About Mary Ruth McGinn

As a teacher with 32 years of experience, Mary Ruth McGinn has always sought innovative ways to meet the needs of each of her students. She has spent her entire career in schools where a majority of students speak English as a second language and where poverty significantly impacts the learning experiences and opportunities of students and their families. Nineteen years ago she had an experience that changed her life and altered her professional path in a profound way. She attended training sessions at The Metropolitan Opera Guild in New York City, spent nine intense days living the process of creating an original opera and learned how to replicate the experience with her students. She then began creating opera with her students and using the process of creating the opera as a vehicle to teach curriculum and life skills. The authentic purpose for learning coupled with the arts provided the perfect stage on which to construct a love for life-long learning. The profundity of the work, the transformation of the students and a desire to “bring to light” new ideas in education, inspired Mary Ruth to share this way of thinking and learning. In 2006 she was granted a Fulbright Scholarship, sponsored and funded by Teatro Real and Fundación SaludArte in Madrid, and a sabbatical from Montgomery County, to travel to Spain to develop and implement a similar program there. She lived there two years training teachers and working side by side with teachers and students in their classrooms. The reception of the project was overwhelming.

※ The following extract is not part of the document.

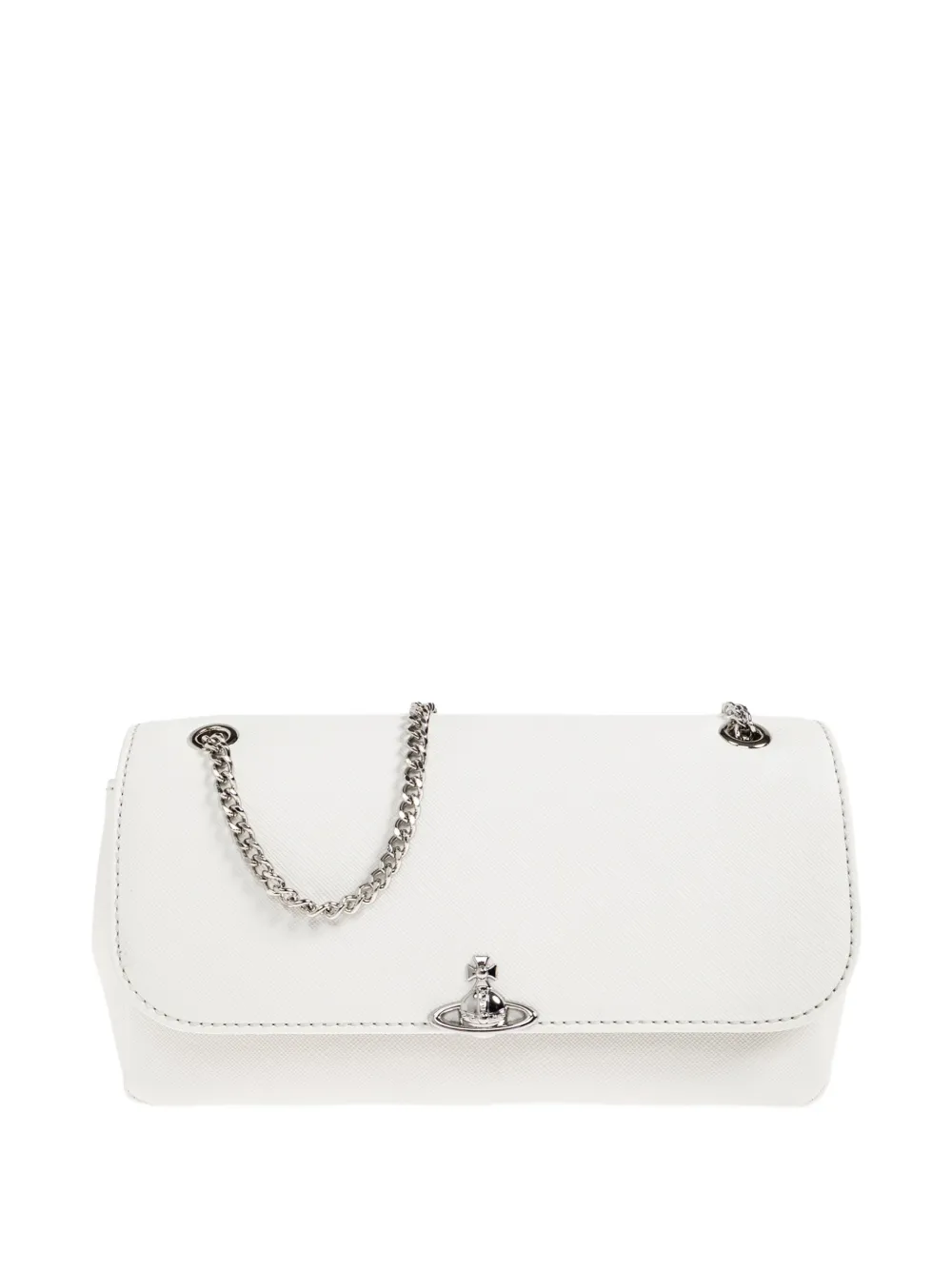 Vivienne Westwood Orb-plaque chain-strap shoulder bag - Bianco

Mary Ruth returns to Madrid every summer to train a new team of educators and artists in the process. In the summer of 2018, she joined forces with The Kennedy Center to offer the opera training for teachers in the Washington Metro area. She currently teaches third grade at Stedwick Elementary School in Montgomery Village, Maryland where she is implementing a classroom curriculum based on the principles of authentic learning. Read more of Mary Ruth's blog Learning for Real.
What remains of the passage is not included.